→ **SOURCE RECORDS**

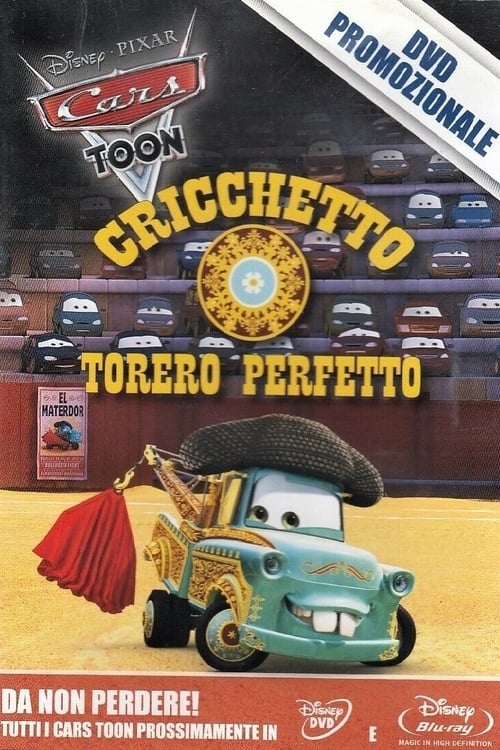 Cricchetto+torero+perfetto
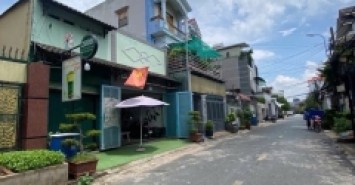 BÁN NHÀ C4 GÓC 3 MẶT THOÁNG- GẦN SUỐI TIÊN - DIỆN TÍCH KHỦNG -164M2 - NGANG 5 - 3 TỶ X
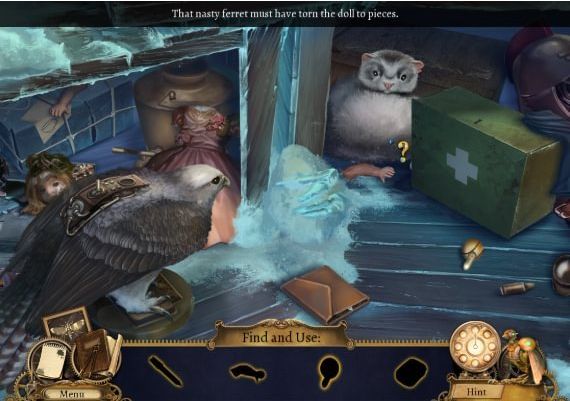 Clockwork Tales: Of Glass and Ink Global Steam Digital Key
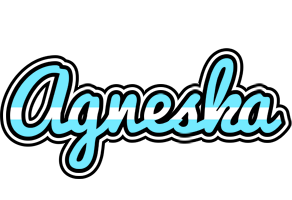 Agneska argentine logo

==

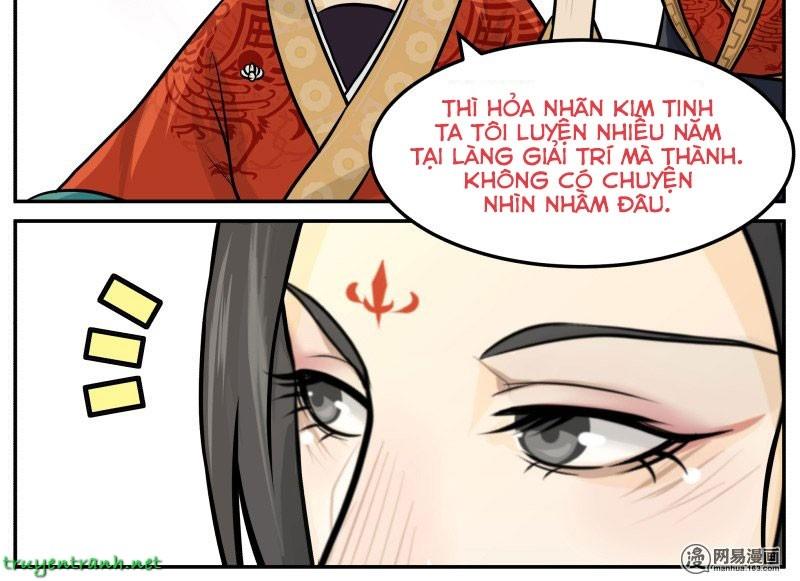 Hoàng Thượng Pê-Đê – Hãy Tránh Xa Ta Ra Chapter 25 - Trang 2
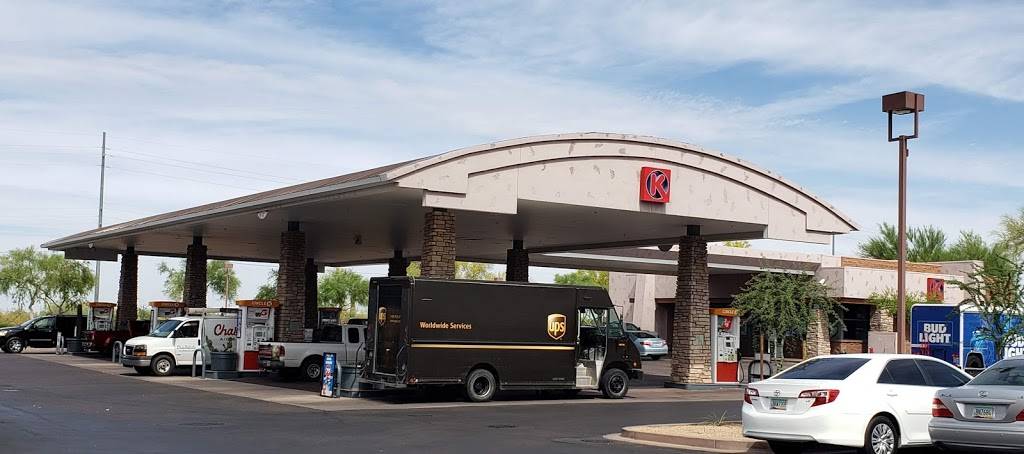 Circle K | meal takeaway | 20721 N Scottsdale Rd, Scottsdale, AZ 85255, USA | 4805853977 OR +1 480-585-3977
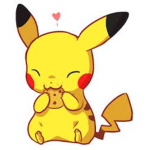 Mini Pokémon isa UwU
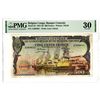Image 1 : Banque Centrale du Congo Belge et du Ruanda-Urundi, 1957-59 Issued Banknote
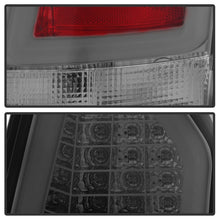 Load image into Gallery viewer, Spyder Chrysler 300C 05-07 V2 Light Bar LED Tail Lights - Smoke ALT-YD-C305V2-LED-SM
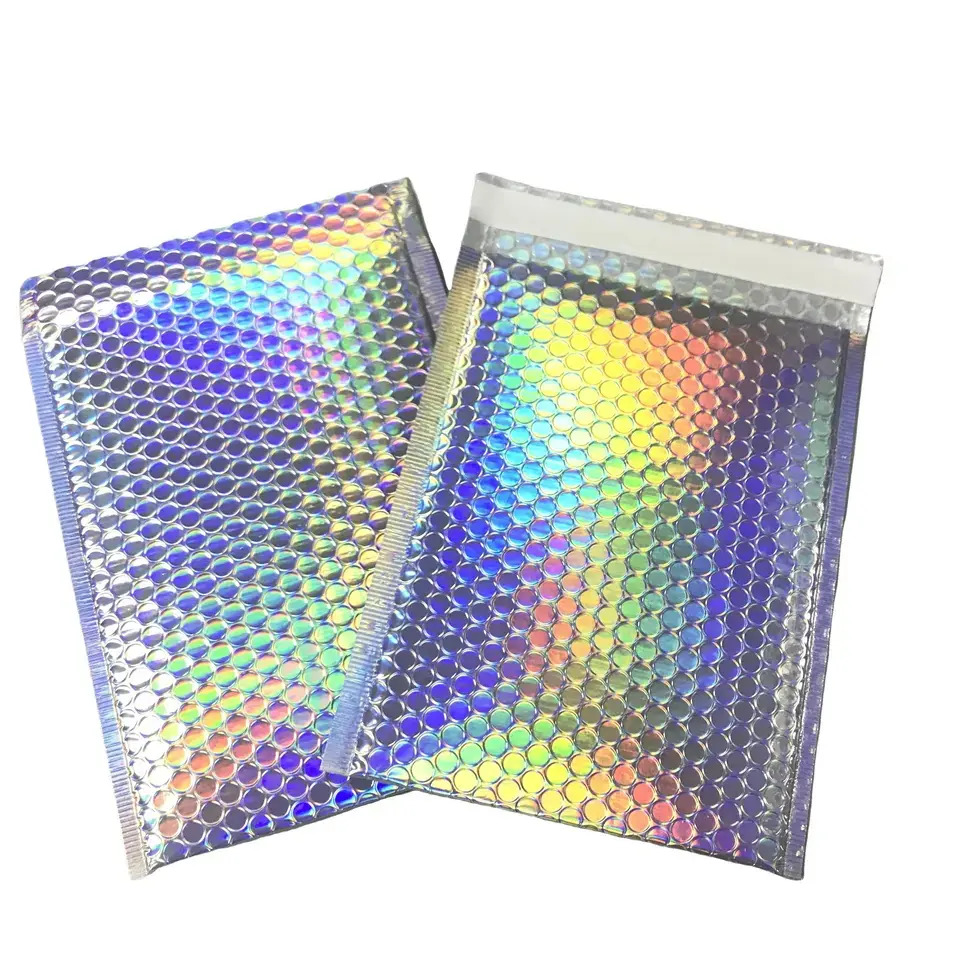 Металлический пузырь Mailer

---

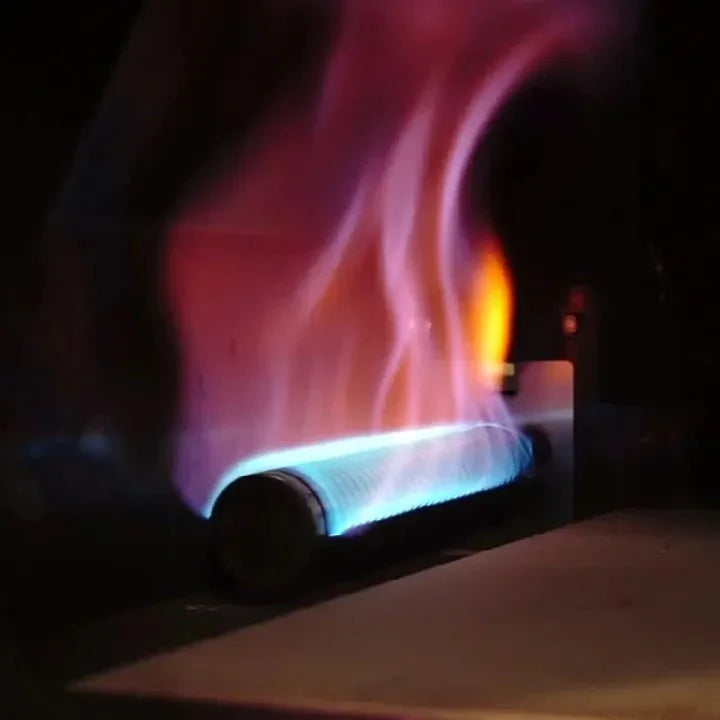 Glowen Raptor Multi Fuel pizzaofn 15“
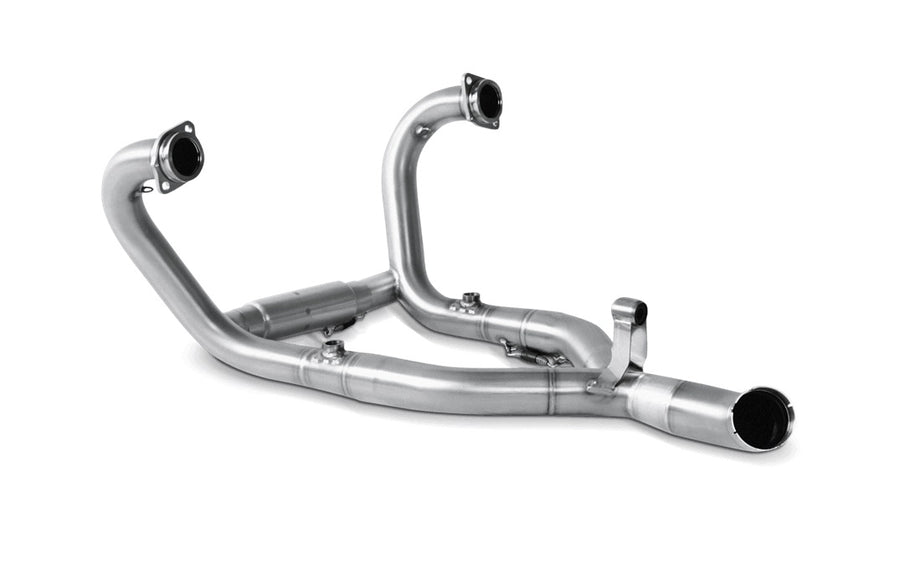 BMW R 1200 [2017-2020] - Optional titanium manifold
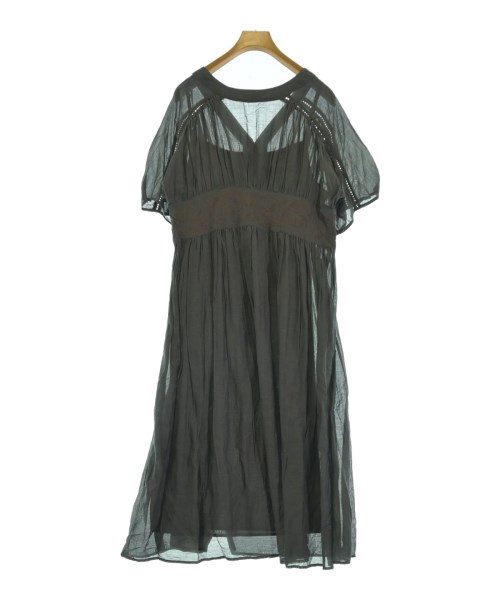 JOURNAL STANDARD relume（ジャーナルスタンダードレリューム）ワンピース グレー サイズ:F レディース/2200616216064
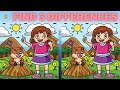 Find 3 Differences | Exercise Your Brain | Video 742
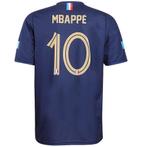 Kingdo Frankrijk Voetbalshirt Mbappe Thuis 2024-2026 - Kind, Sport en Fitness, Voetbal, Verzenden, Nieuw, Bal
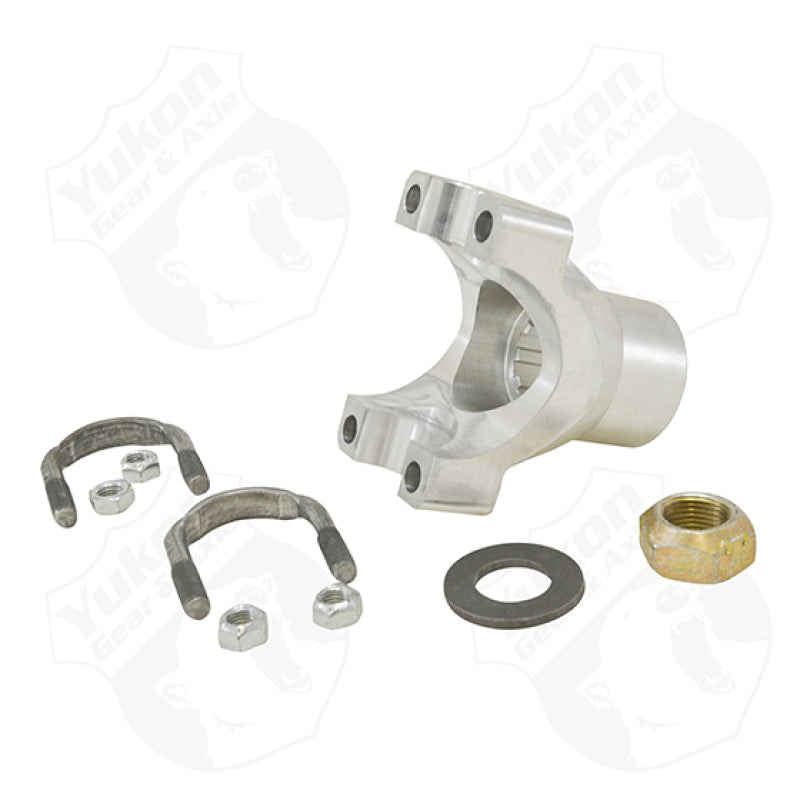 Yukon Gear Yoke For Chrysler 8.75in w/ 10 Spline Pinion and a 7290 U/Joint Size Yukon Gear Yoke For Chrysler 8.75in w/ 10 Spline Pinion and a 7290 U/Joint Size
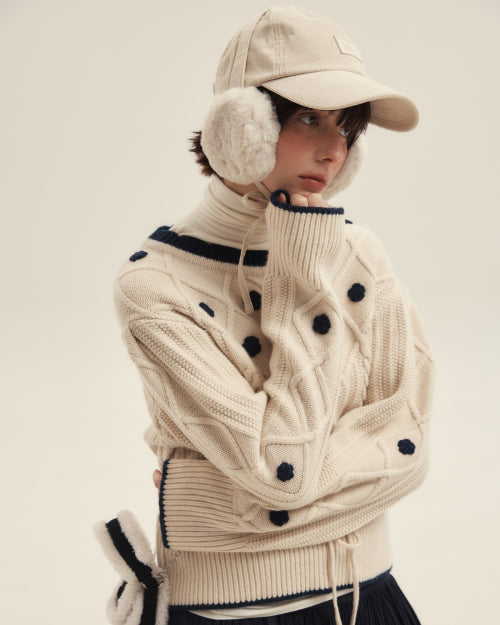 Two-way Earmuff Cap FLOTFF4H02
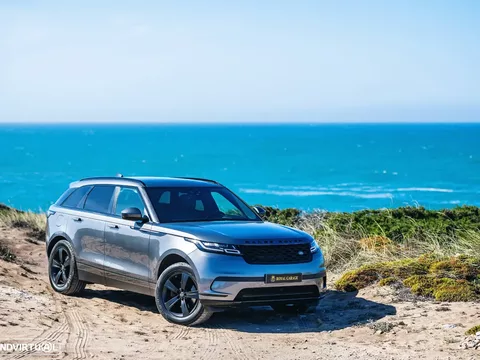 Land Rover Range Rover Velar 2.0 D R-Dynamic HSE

→ **INSTRUCTIONS FOR THE TASK**
Every line above between the one containing "Find 3 Differences" and the one containing "Land Rover Range", those two included, is to be printed exactly. No pictures go into the copy.

→ **RESPONSE BOX**
 Find 3 Differences | Exercise Your Brain | Video 742
 Kingdo Frankrijk Voetbalshirt Mbappe Thuis 2024-2026 - Kind, Sport en Fitness, Voetbal, Verzenden, Nieuw, Bal
 Yukon Gear Yoke For Chrysler 8.75in w/ 10 Spline Pinion and a 7290 U/Joint Size Yukon Gear Yoke For Chrysler 8.75in w/ 10 Spline Pinion and a 7290 U/Joint Size
 Two-way Earmuff Cap FLOTFF4H02
 Land Rover Range Rover Velar 2.0 D R-Dynamic HSE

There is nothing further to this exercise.